Try These 4 Advanced Optimization Techniques in Deep Learning If Your PyTorch Optimizer Isn't Performing Well

Source: DeepHub IMBA

This article is approximately 3700 words long, recommended reading time is over 10 minutes.
This article will introduce four advanced optimization techniques that may outperform traditional methods in certain tasks, especially when faced with complex optimization problems.

In the field of deep learning, the choice of optimizer is crucial for model performance. While standard optimizers in PyTorch such as SGD, Adam, and AdamW are widely used, they are not always the best choice in every scenario. This article will introduce four advanced optimization techniques that may outperform traditional methods, particularly when facing complex optimization problems.

We will explore the following algorithms:

Sequential Least Squares Programming (SLSQP)
Particle Swarm Optimization (PSO)
Covariance Matrix Adaptation Evolution Strategy (CMA-ES)
Simulated Annealing (SA)

The main advantages of these methods include:

Gradient-free optimization: Suitable for non-differentiable operations such as sampling, rounding, and combinatorial optimization.
Only requires forward propagation: Generally faster and more memory efficient than traditional methods.
Global optimization capability: Helps avoid local optima.
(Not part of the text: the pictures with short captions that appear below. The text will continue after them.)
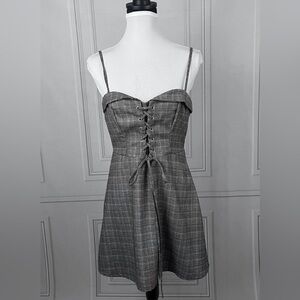 Cooperative plaid dress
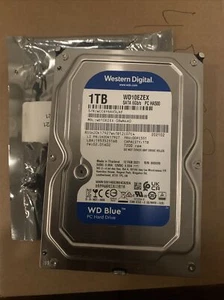 Western Digital WD10EZEX 08wn4a0WD Blue 1TB 3.5" Hard Disk Drive Fru 00PC551 - Picture 1 of 2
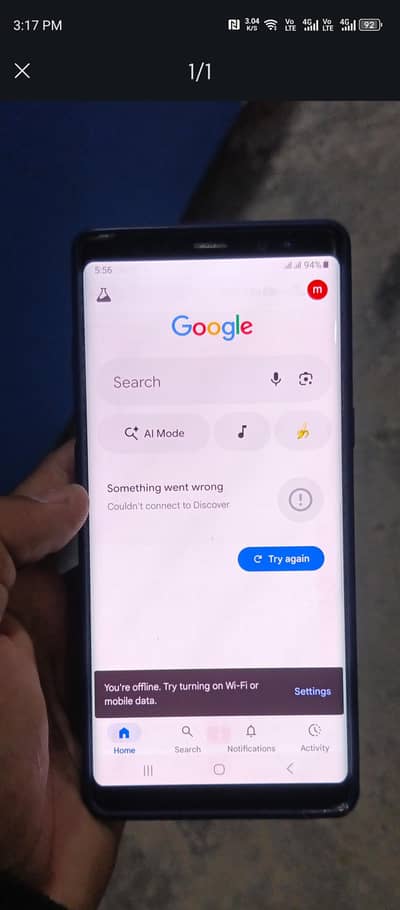 Samsung Galaxy note 8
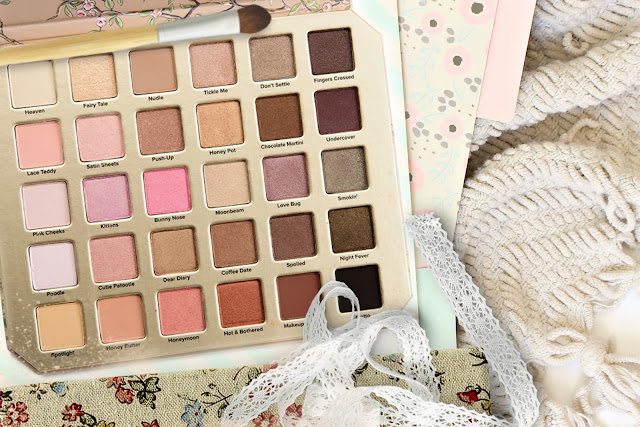 Too Faced Natural Love Eyeshadow Palette Colors by Barbies Beauty Bits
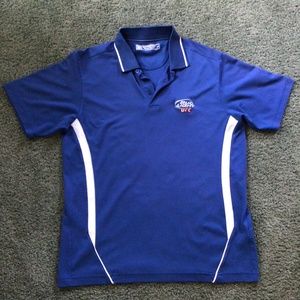Men’s Bud Light golf shirt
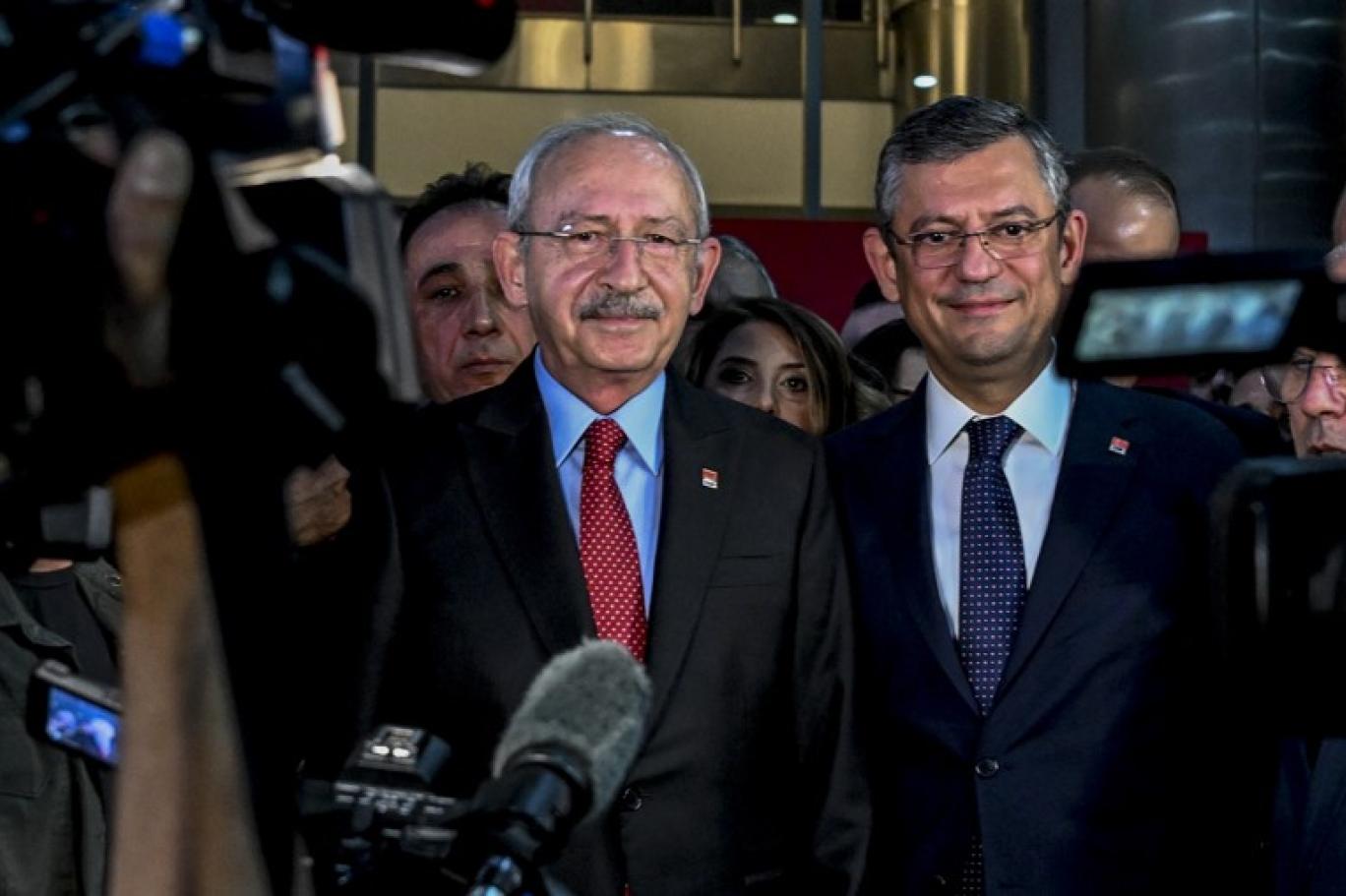 Kılıçdaroğlu-Özel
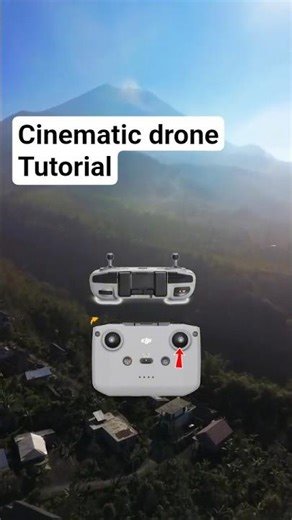 #3 tutorial cinematic drone #djineo2 #dji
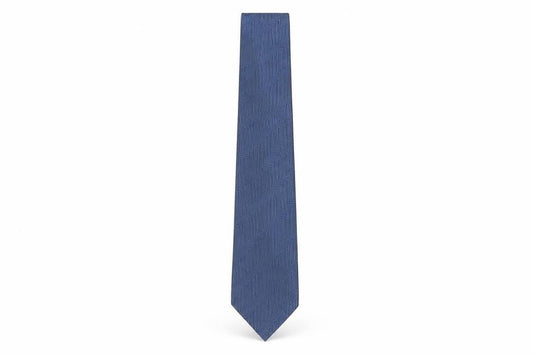 Romeo Gigli Men's Blue Silk Houndstooth Tie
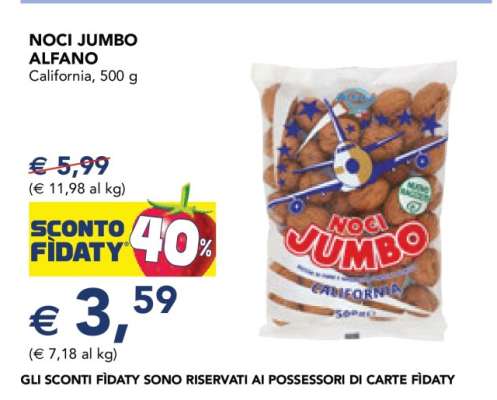 Noci Jumbo Alfano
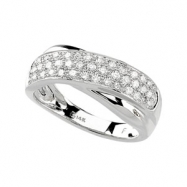 Picture of 14K White Gold Diamond Ring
It is important to note that these methods are best suited for optimizing a smaller number of parameters (typically less than 100-1000). They are particularly useful for optimizing key parameters, specific parameters per layer, or hyperparameters.

Experimental Setup

Before starting the experiments, we need to set up the environment and define some auxiliary functions. Below are the necessary imports and function definitions:

 from functools import partial
from collections import defaultdict
import torch
import torch.nn as nn
import torch.optim as optim
import torch.nn.functional as F
import numpy as np
import scipy.optimize as opt
import matplotlib.pyplot as plt

# Set random seed for reproducibility
torch.manual_seed(42)
np.random.seed(42)

# Auxiliary function: convert weights between PyTorch model and NumPy vector
def set_model_weights_from_vector(model, numpy_vector):
    weight_vector = torch.tensor(numpy_vector, dtype=torch.float64)
    model[0].weight.data = weight_vector[0:4].reshape(2, 2)
    model[2].weight.data = weight_vector[4:8].reshape(2, 2)
    model[2].bias.data = weight_vector[8:10]
    return model

def get_vector_from_model_weights(model):
    return torch.cat([
        model[0].weight.data.view(-1),
        model[2].weight.data.view(-1),
        model[2].bias.data
    ]).detach().numpy()

# Function to track and update loss

def update_tracker(loss_tracker, optimizer_name, loss_val):
    loss_tracker[optimizer_name].append(loss_val)
    if len(loss_tracker[optimizer_name]) > 1:
        min_loss = min(loss_tracker[optimizer_name][-2], loss_val)
        loss_tracker[optimizer_name][-1] = min_loss
    return loss_tracker

These functions will be used to convert model weights between different optimization algorithms and track the loss during the optimization process.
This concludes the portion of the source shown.